Kochhar’s casual display of prejudiced entitlement isn’t the worst act to be committed by a chef or restauranteur on this side of the Atlantic or the other. Even if that relativity somehow excused, justified or exonerated Kochhar’s hatred – which it obviously doesn’t – it’d be far easier to accept Kochhar’s public displays of contrition if it were clear what he was apologising for and to whom.
All of which brings us back to Kanishka. It is not at all obvious how one reviews a restaurant where a figure so central to its operation – and heavily marketed as such – has so clearly crossed the boundaries of acceptable, civilised behaviour. Bigger and better names in the world of restaurant reviewing have grappled with this topic, but to unsatisfying effect.

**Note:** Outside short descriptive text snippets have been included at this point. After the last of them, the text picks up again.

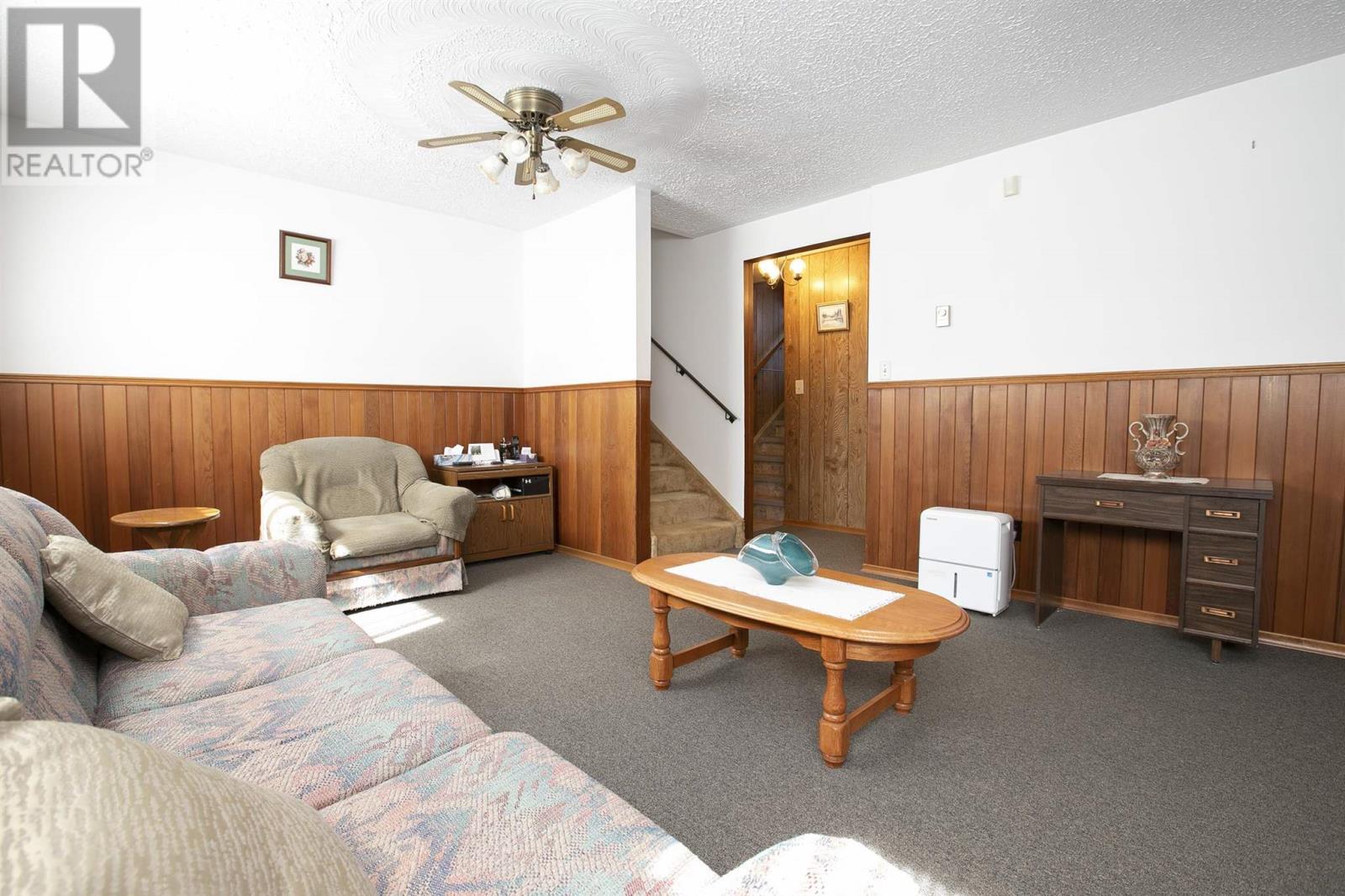 2134 Queen ST - 42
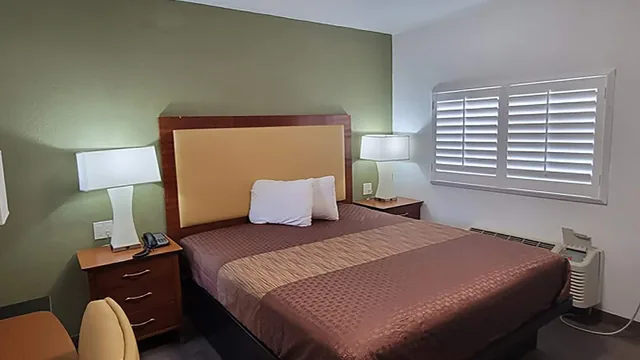 Super 8 by Wyndham El Centro North photo 11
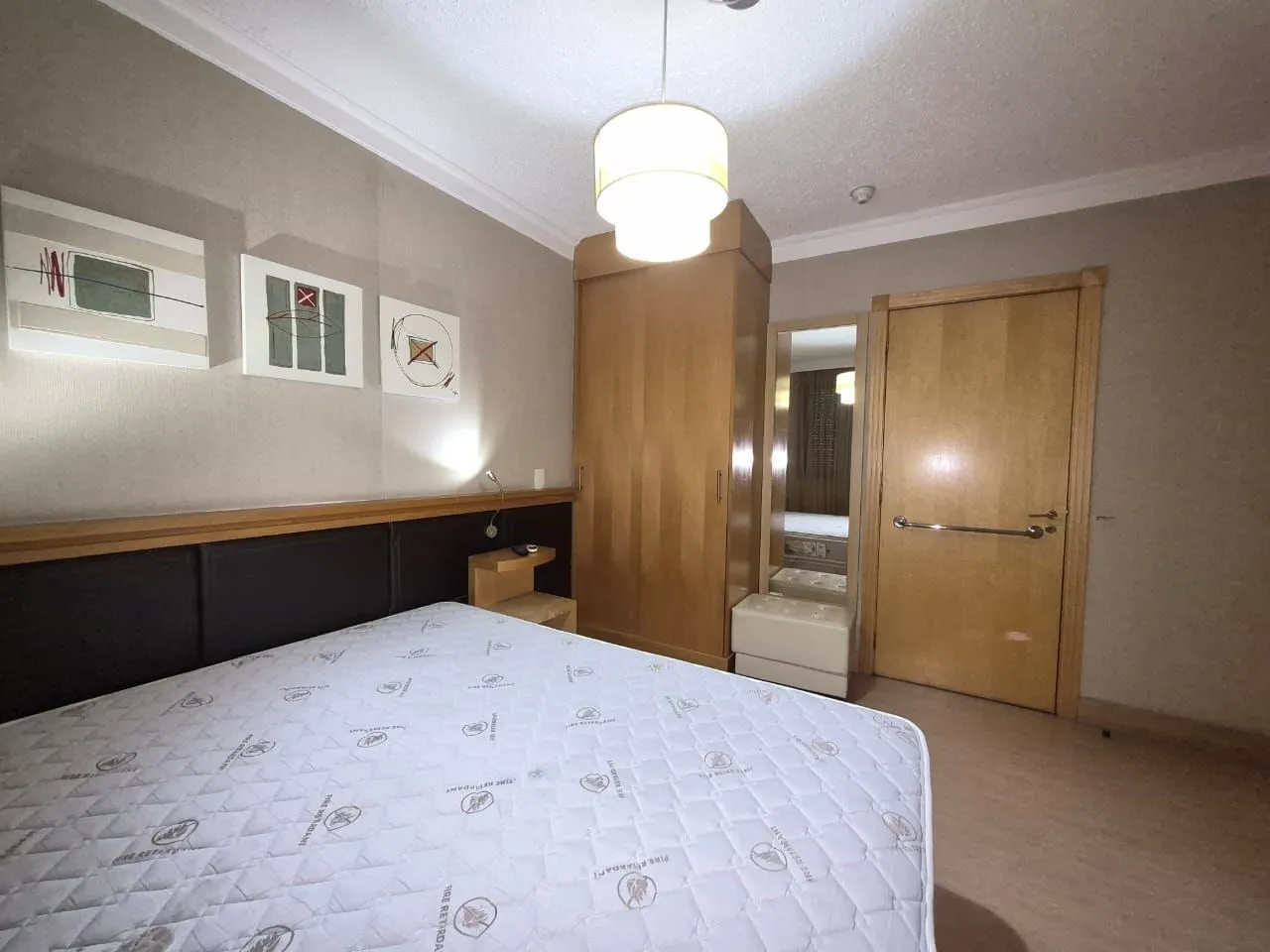 Imagem Apartamento mobiliado com renda garantida - Excelente oportunidade para investidor em Porto Alegre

The best approach that I can think of is a minimalist one devoid of all my usual dish-level detail and writerly flourishes. I had the tasting menu at Kanishka. Some of it was good; some of it was unremarkable. As a representative of the kitchen’s approach, vision and oeuvre – as tasting menus are supposed to be – it gave a somewhat uneven and timidly unambitious impression. The quality of the service was highly dependant on who was serving you.
This approach is imperfect. The rest of Kanishka’s staff – who presumably aren’t bigots – don’t deserve the same condemnation as their boss, so I could go into more detail about the food. But this would diminish the impact of all the words above. I could totally omit any mention of the food, and this series of plainly-labelled photos, in an attempt to deepen the impact of the other words on this page. But then this really wouldn’t be a review and fewer people would read it.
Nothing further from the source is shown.